Die Taliban übernehmen die Kapitale. Baschir reiht sich in den Triumphzug ein. Hinter ihm liegen zwanzig Jahre Krieg. Sein Stolz und sein Ruhm verbinden sich mit enormer Zerstörungskraft. Plötzlich ist Baschirs Terrorkompetenz nicht mehr gefragt. Man braucht ihn als Ordnungshüter und Statthalter.

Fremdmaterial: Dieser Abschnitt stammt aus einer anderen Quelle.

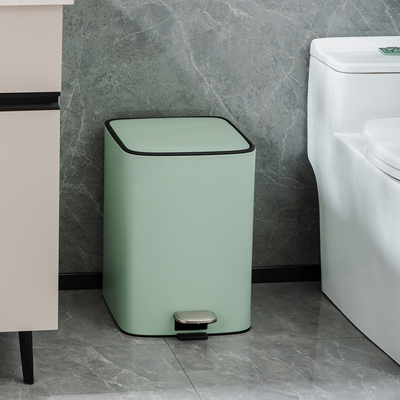 Buy Stainless Steel Soft Close Foot Pedal Trash Can Defender Series Rectangle Waste Bin for Home Bathroom online manufacture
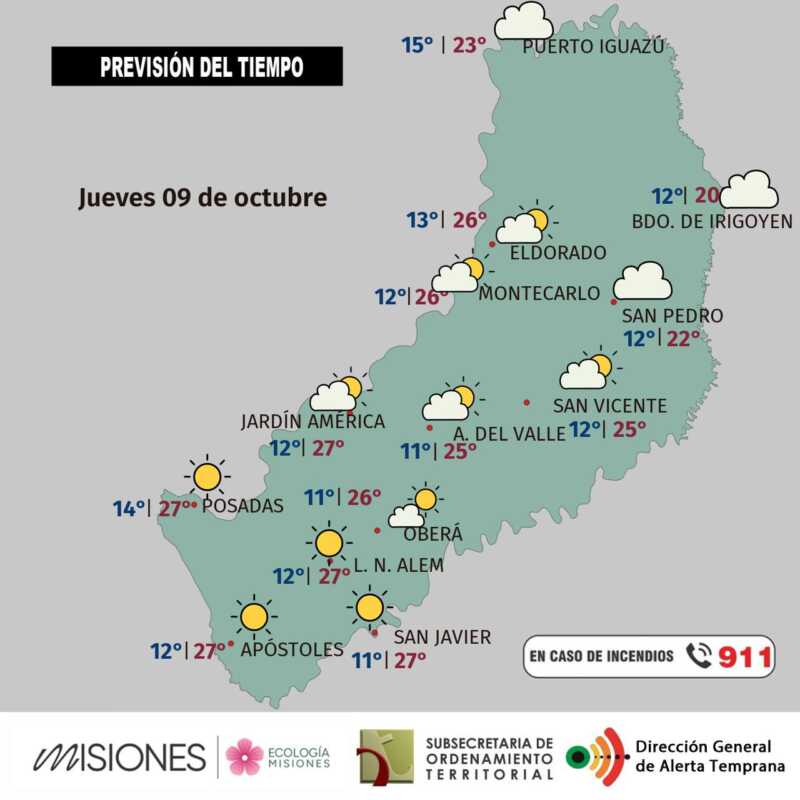 Jueves 9: inestabilidad aislada sobre el norte en Misiones 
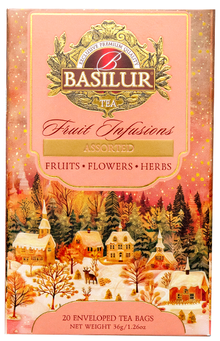 Front opakowania Basilur Fruit Infusions – świąteczny zestaw herbat owocowych i ziołowych.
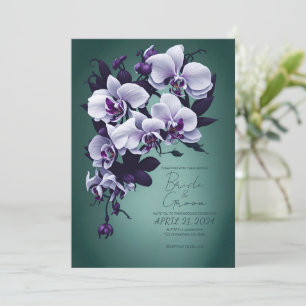 Purple Orchids in a Green background.  Invitation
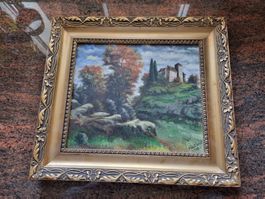 Oelbild auf Holz in Originarahmen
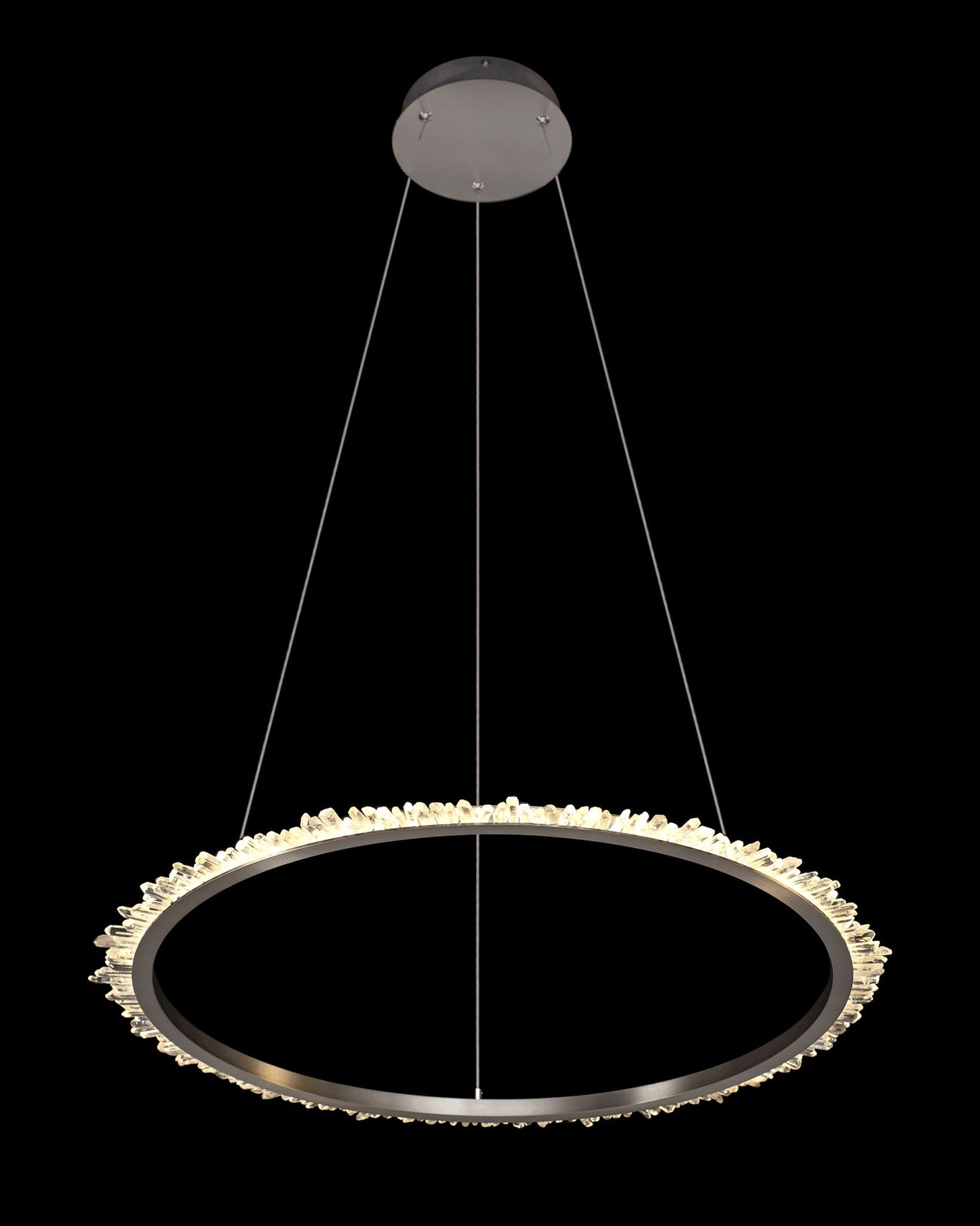 Quartz Halo Large Round Pendant 67.5cm Diam Satin Nickel Light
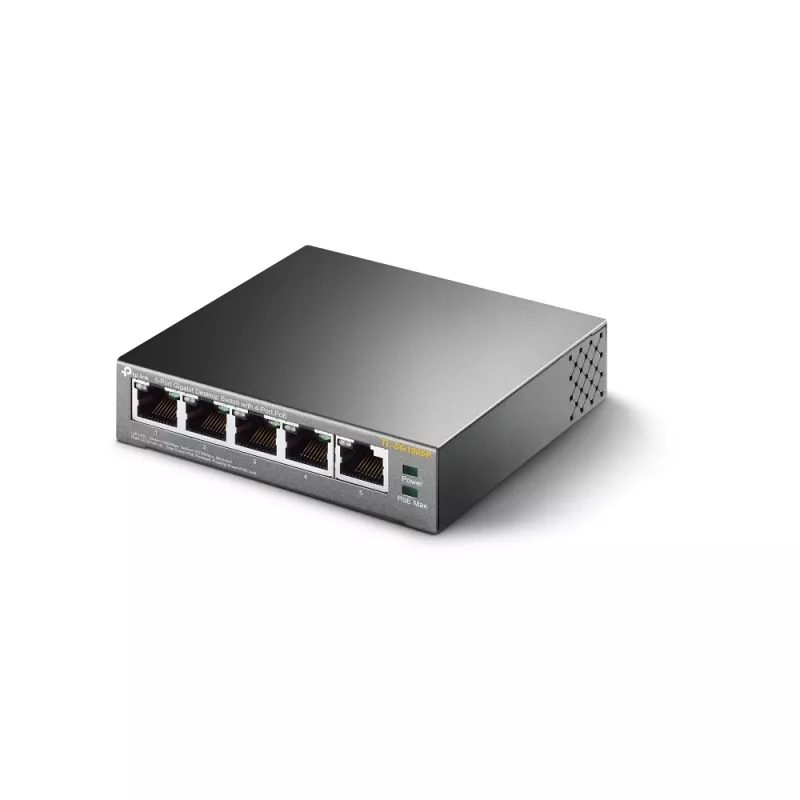 TP-Link 5 prievadų Gigabit darbalaukio PoE jungiklis su 4 PoE prievadais, nevaldomas
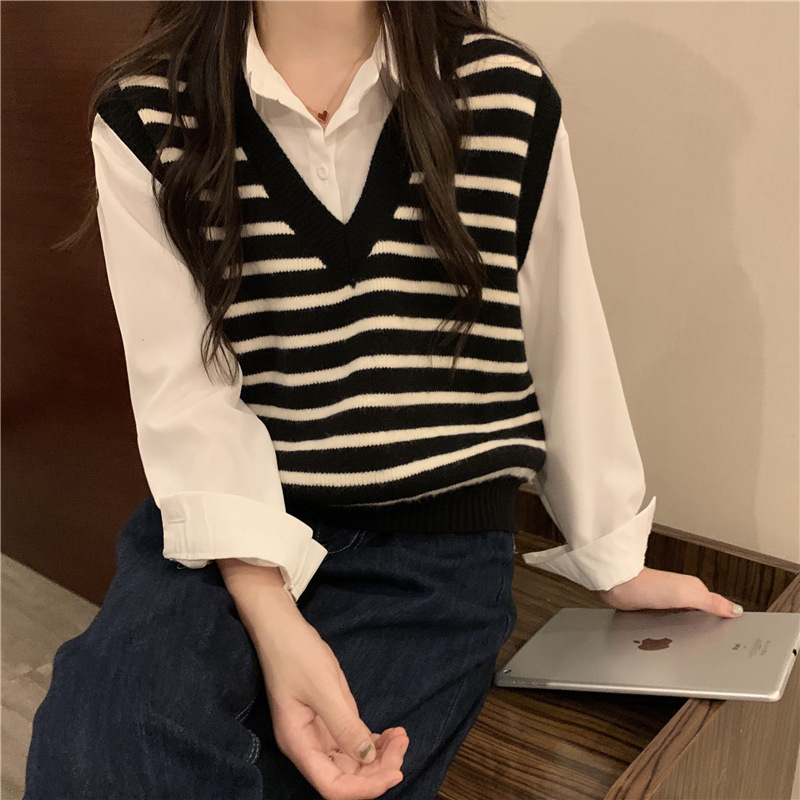V领条纹针织马甲女2025新款早秋薄款无袖坎肩背心叠穿学院风上衣|undefined
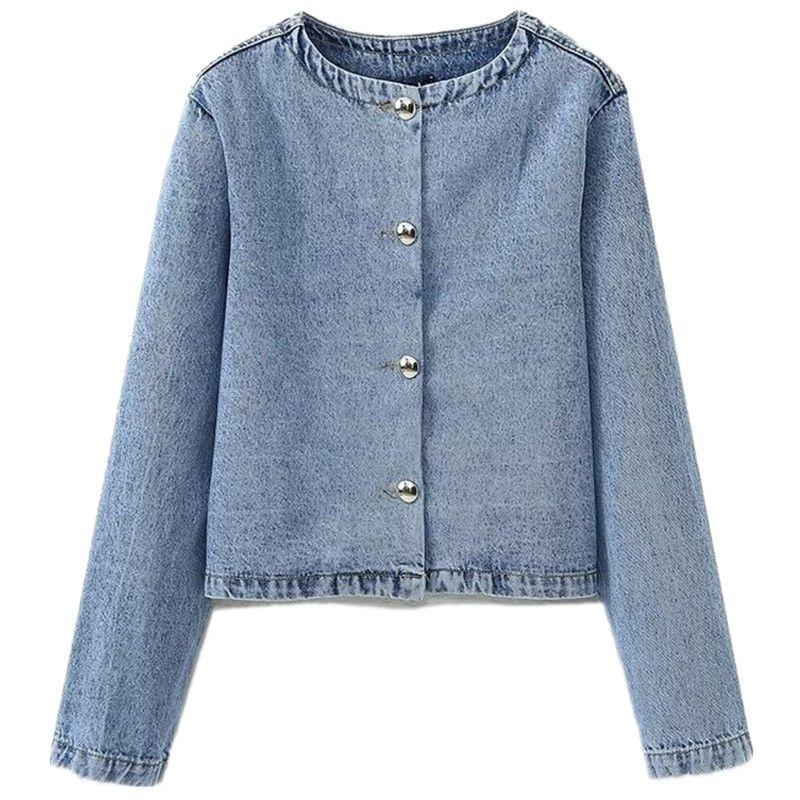 

Fashion Style Autumn New Women s Clothing Loose Slimming and All-Matching Decorated Row Button Denim Jacket Short Coat 6164160 Blue L
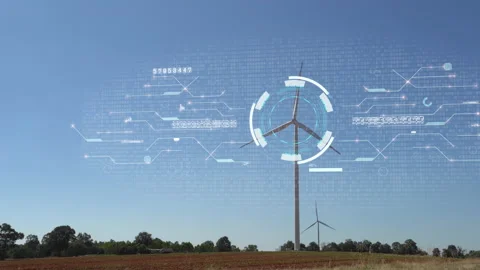 A wind turbine with environment ecology sign hologram sustainable clean energy. Stock Footage 224622453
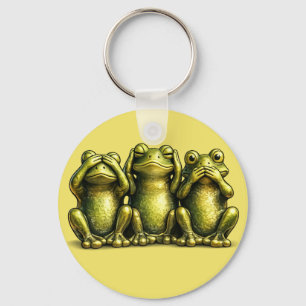 See Hear Speak No Evil Funny Frogs Sleutelhanger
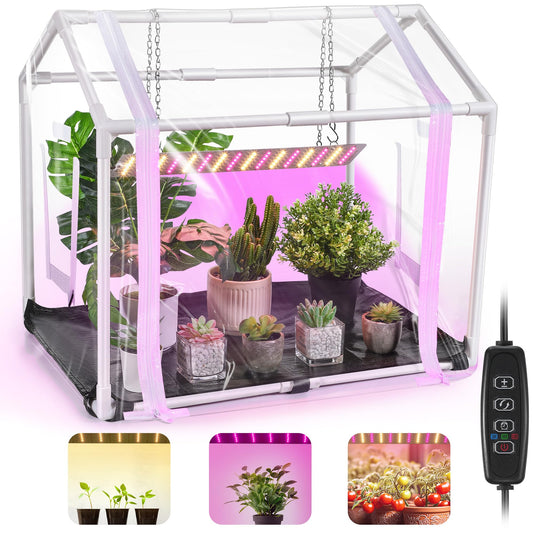 Meonum Mini Greenhouse with Grow Light, 23.6" L x 15.7" W x 19.6" H Portable Greenhouse with Waterproof Bottom Mat, Timer, 3 Light Color Mode for Indoor Outdoor Seed Starter Tray (Mini House Shape)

In Kabul regeln Dschihadisten den Verkehr. Siradschuddin Haqqani, Baschirs Mentor und „Kopf hinter der Militärstrategie der Taliban im östlichen Afghanistan“, avanciert zum Innenminister und sichert so seine Position als einer der Mächtigen im Land; obwohl er auf der FBI-Most-Wanted-Liste steht und ein Kopfgeld in Höhe von zehn Millionen Dollar auf ihn ausgesetzt ist.

Aus der Ankündigung

Zwanzig Jahre nach ihrem internationalen Bestseller „Der Buchhändler aus Kabul“ kehrt Åsne Seierstad nach Afghanistan zurück. Sie erzählt die Geschichten derer, die vor den Taliban geflohen sind, und derer, die zurückblieben. Von Jamila, die sich Schul- und Universitätsbesuch erstreitet und als gläubige Muslima für die Rechte der Frauen einsetzt. Von Bashir, der von zu Hause wegläuft, um sich den Taliban anzuschließen und im Heiligen Krieg zu kämpfen. Und von Ariana, die geboren wurde, als westliche Truppen in das Land einmarschierten, nach der Machtübernahme der Taliban zwangsverheiratet wurde und die Hoffnung nicht aufgibt, mit ihrem Jurastudium die Gesellschaft zu verändern. Das Buch ist ein intimes Porträt dreier Menschen, die unterschiedliche Wege gehen, ihrer Familien, Freunde und Bekannten - und die Geschichte eines Landes im Krieg.  

Zur Autorin

Åsne Seierstad, geboren 1970 in Oslo, arbeitete als Korrespondentin und Kriegsberichterstatterin für verschiedene internationale Zeitungen und ist Autorin mehrerer Sachbücher. Sowohl als Journalistin als auch für ihre weltweiten Bestseller Der Buchhändler aus Kabul (2002) und Einer von uns (2016) wurde sie vielfach ausgezeichnet. Das 2017 ebenfalls bei Kein & Aber erschienene Werk Zwei Schwestern. Im Bann des Dschihad war Norwegens Sachbuch des Jahres. Åsne Seierstad lebt in Oslo.